Мы садимся в просторной светлой комнате, посередине которой круглый стол, покрытый белой скатертью. Букет цветов. Диван, кровать, стулья, над кроватью портрет сына. Вот он с Лениным, вот молодой, вот в кабинете…
– Пришел неожиданно, не предупредив. Открылась дверь, вот эта, и вошел. Я вижу – он. Он долго целовал меня…»1
На этой встрече с московскими журналистами мать назвала Сталина «примерным сыном», хотя он так и не воплотил ее мечту. Из публикуемых ниже воспоминаний (об этом говорится и в предисловии) читатель узнает, что она желала видеть в сыне священника, рисовала его в своем воображении епископом. Во время последнего визита сына к ней она тихо сказала ему: «А жаль, что ты так и не стал священником»2.
Кем же он стал?

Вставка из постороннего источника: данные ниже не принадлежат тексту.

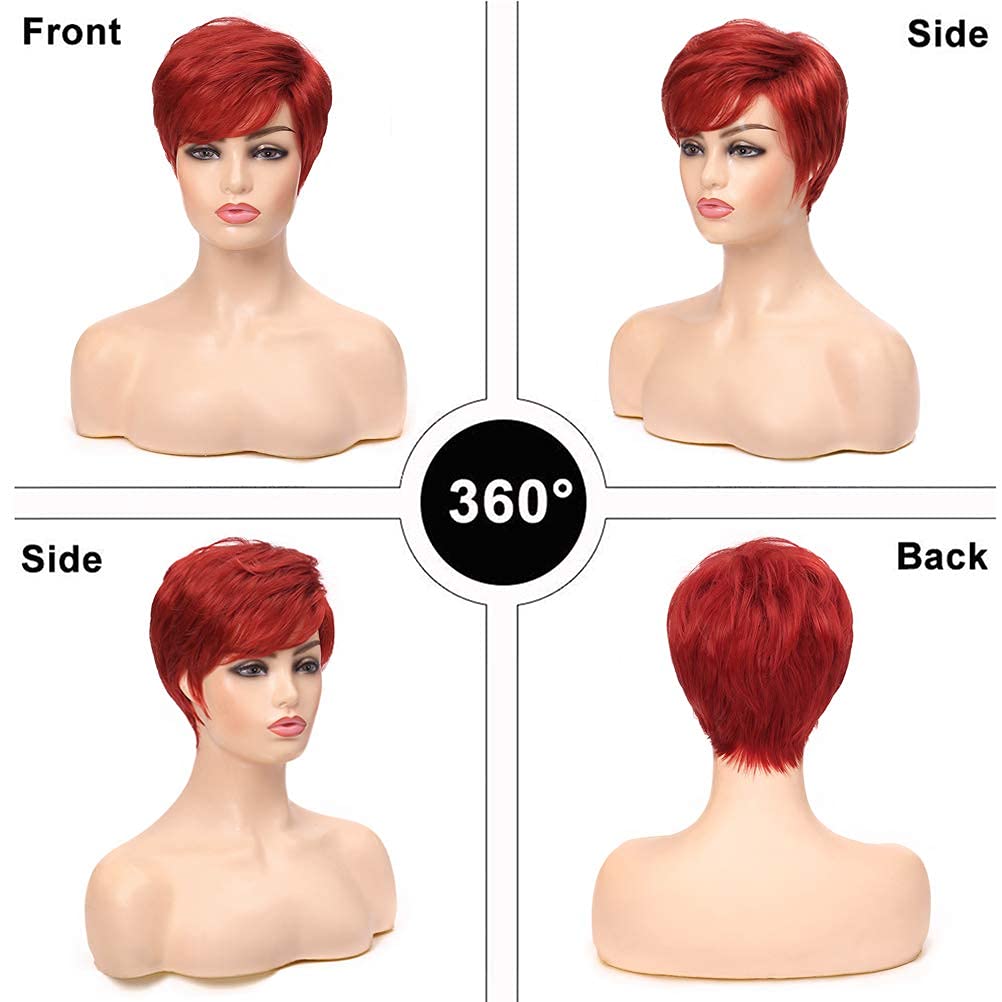 Peluca de pelo corto rojo con corte pixie para mujer, con capas naturales, sintéticas, resistentes al calor, Halloween, cosplay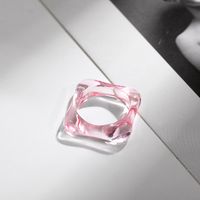 Korean Transparent Candy Color Geometric Resin Ring Wholesale sku image 12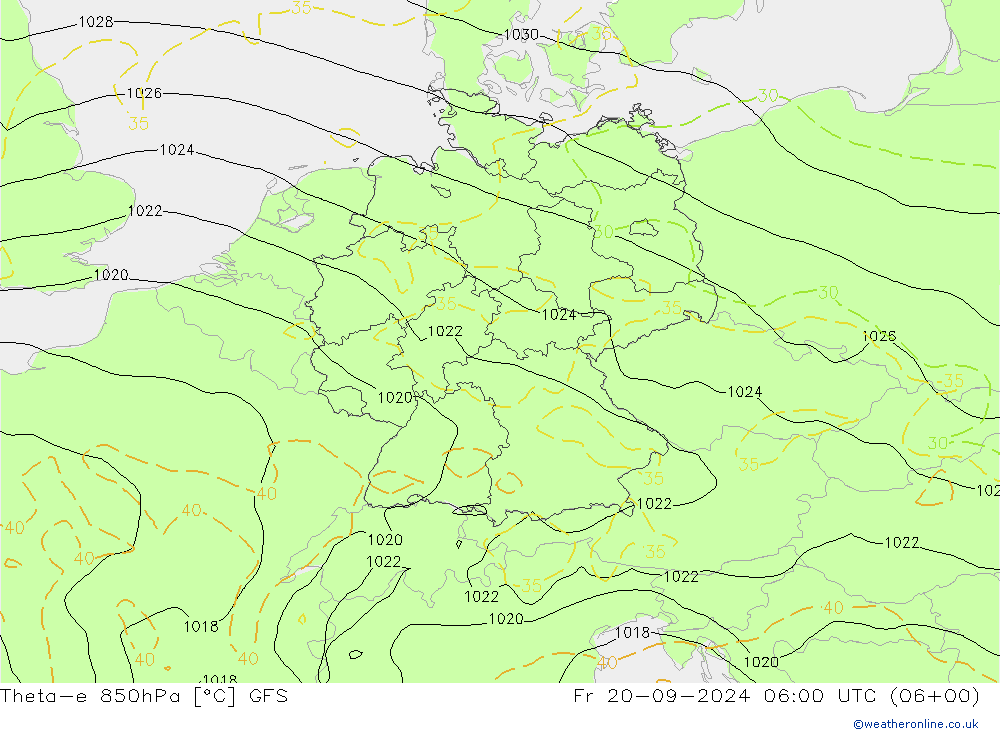 Theta-e 850hPa GFS 九月 2024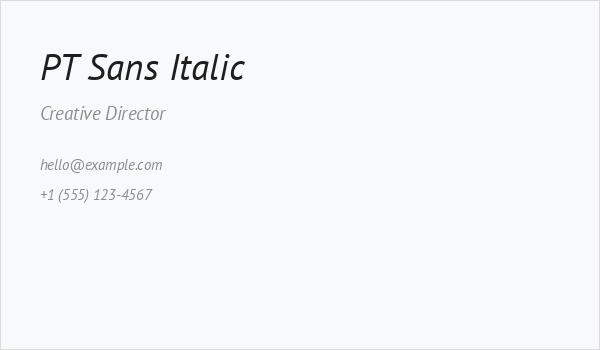 PT Sans Italic Business Card
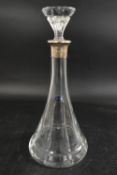 A contemporary Bos Holland conical shaped crystal decanter with a silver hallmarked rim. H.34 Dia.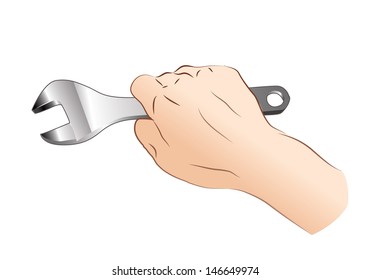 Hand With Wrench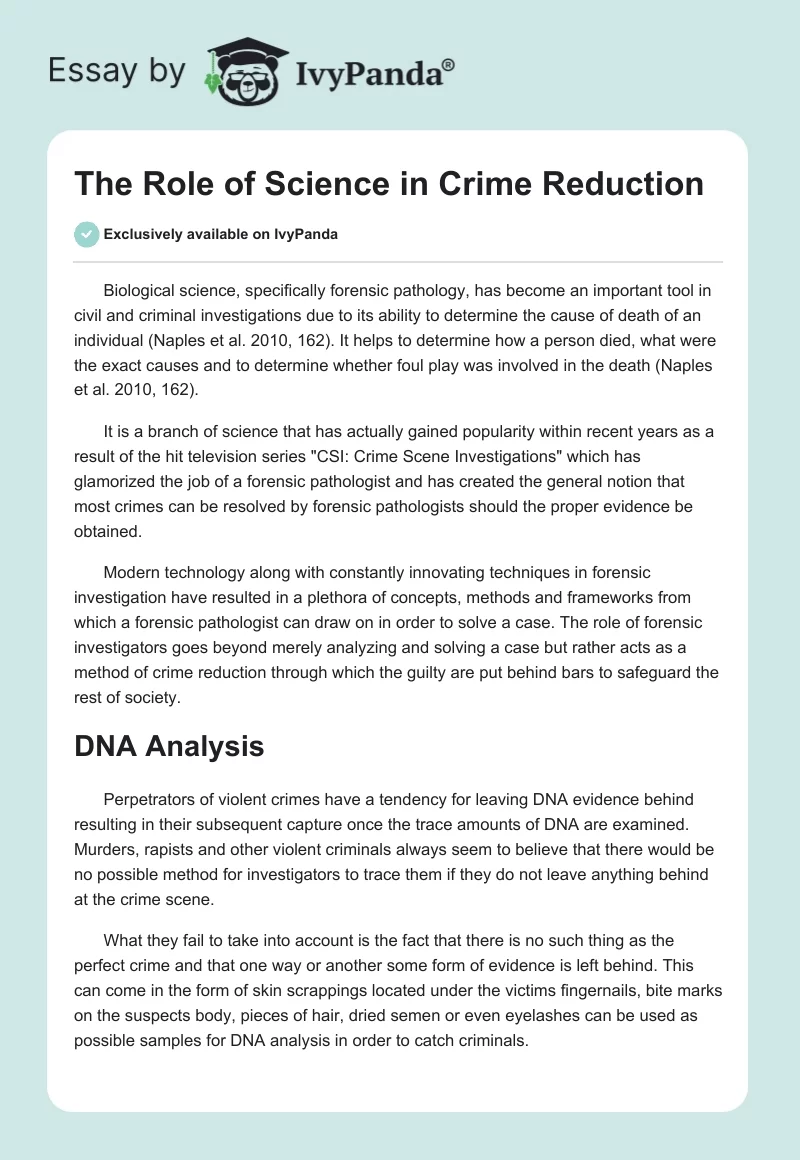 The Role of Science in Crime Reduction. Page 1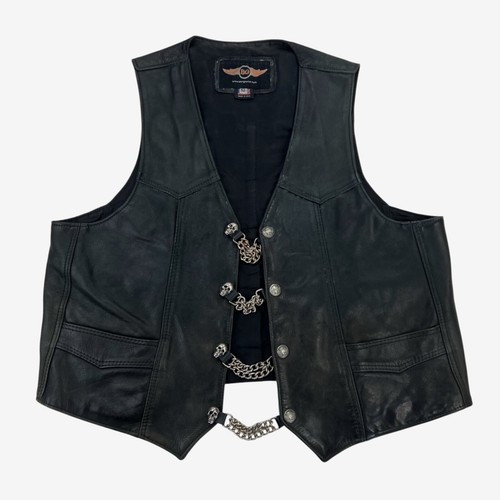Vtg leather biker - biker, skull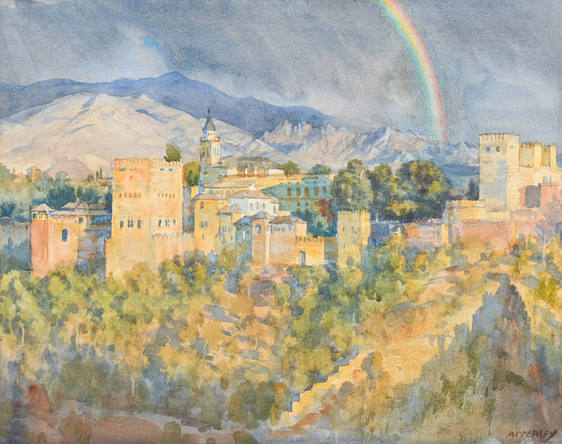 'Arcoíris sobre la Alhambra', una de las obras que se subastan.
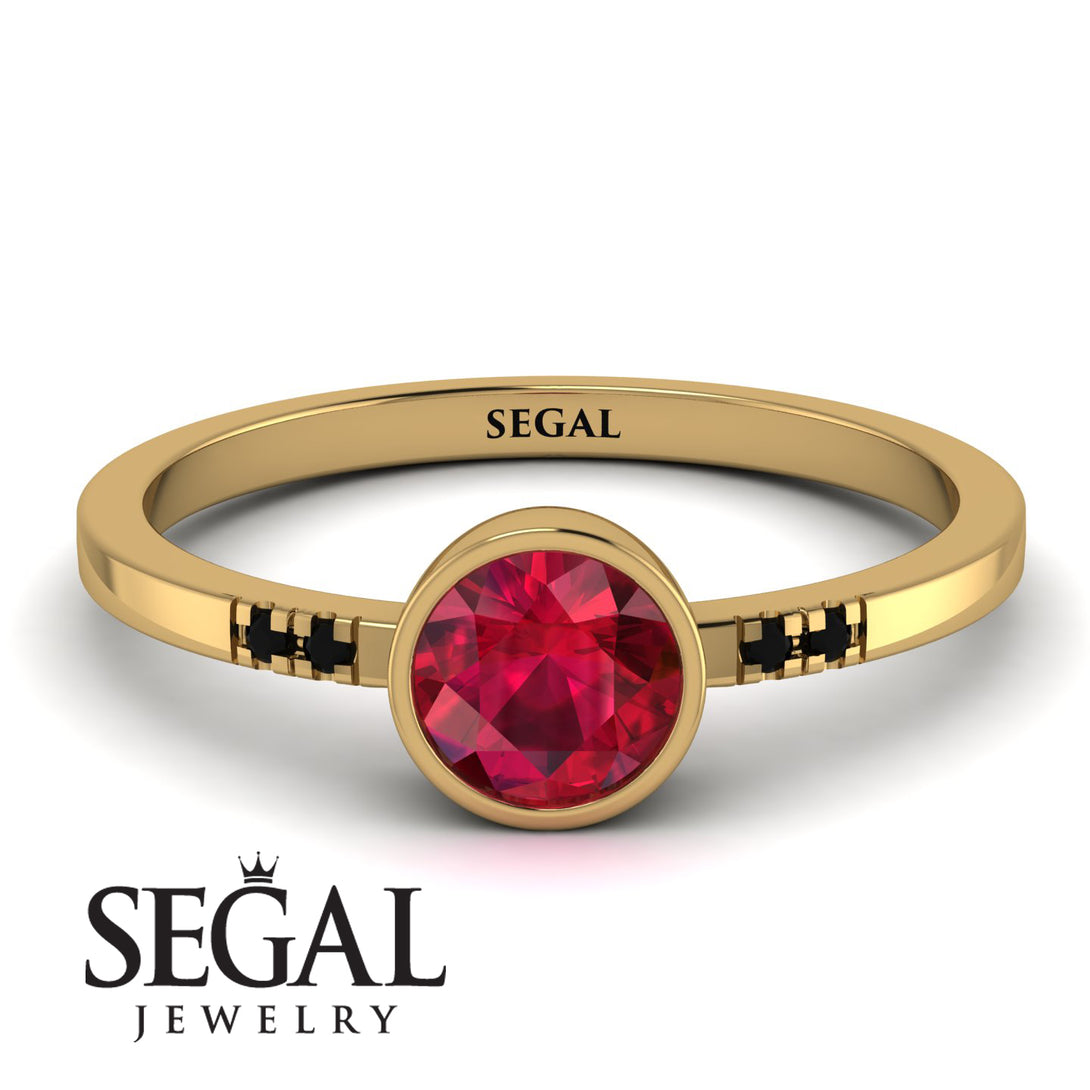 Bezel Minimalist Ruby Ring - Kinsley No. 25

История пока так и не вынесла окончательного вердикта этой исполинской фигуре, которая не умещается в привычные летописные рамки. Ее оценки будут меняться. Все и вся будет меняться. Однако глубинный смысл публикуемого рассказа о детстве и юношестве Сталина мне видится в неизменном:
Даже исполины когда-то были малышами. Покорив пространство и время, они все равно навсегда остаются ребенком для их мамы. А мамин взгляд – это субъективность, возведенная в мистическую истинность бытия.
Вилли Гогия, историк,
журналист, востоковед
Предисловие
После развала СССР и восстановления государственной независимости Грузии для исследователей наконец стали доступны воспоминания матери Сталина, записанные с ее слов. Эти воспоминания более 70 лет хранились в архиве ЦК Компартии Грузии. Благодаря этому необычному и неожиданно обнаруженному источнику биографы Сталина смогли дополнить и уточнить информацию, которая ранее была известна из других, менее достоверных источников.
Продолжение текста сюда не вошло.